= James Ernest =

American game designer and juggler

James Ernest (born October, 1968) is an American game designer and juggler, best known as the owner and lead designer of Cheapass Games.

==Career==
Prior to founding Cheapass Games, Ernest worked as a juggler at various venues, including Camlann Medieval Village, and as a freelancer with Wizards of the Coast. He also worked for Carbonated Games. He has also created games for other publishers including Rio Grande Games and WizKids. In 2005, Paizo Publishing created Titanic Games with Ernest and Mike Selinker.

Ernest's games include Unexploded Cow, Kill Doctor Lucky, The Big Idea and the game originally known as Before I Kill You, Mr. Bond (that game was eventually renamed after complaints from the owners of the Bond franchise). He has had success with Kickstarter, successfully crowdfunding games like a new version of Unexploded Cow and Get Lucky (which takes the concept and core mechanics of Kill Doctor Lucky and adapts it as a card game), among others.
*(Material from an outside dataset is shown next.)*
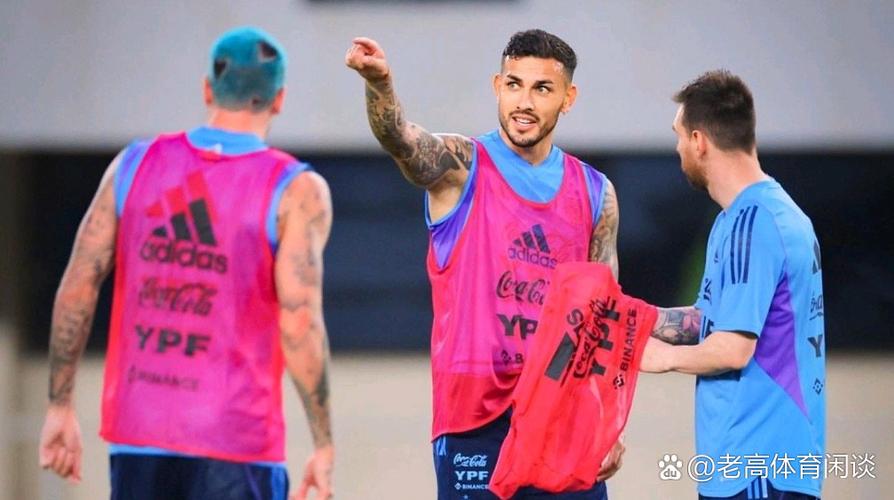 跟队记者：阿根廷队今天下午在迈阿密国际基地进行首场训练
Ernest wrote, produced, directed, edited, and created music for the short film The Man Between (2003) and wrote the book Dealer's Choice: The Complete Handbook of Saturday Night Poker. His first publication was the book Contact Juggling in 1990.

In 2014 James began collaborating with Patrick Rothfuss to create an abstract strategy game called Tak, based on a game described in Rothfuss's 2011 book The Wise Man's Fear. In April 2016 they launched a Kickstarter campaign to bring the game to actual publication. The campaign ended on May 20 to great success, with 12,187 backers pledging $1,351,142.

In 2018 The Brothers Chaps, creators of Homestar Runner, collaborated with James to create the cooperative game Trogdor!! The Board Game. The successful Kickstarter campaign brought in 23,338 backers pledging $1,421,903 upon its completion.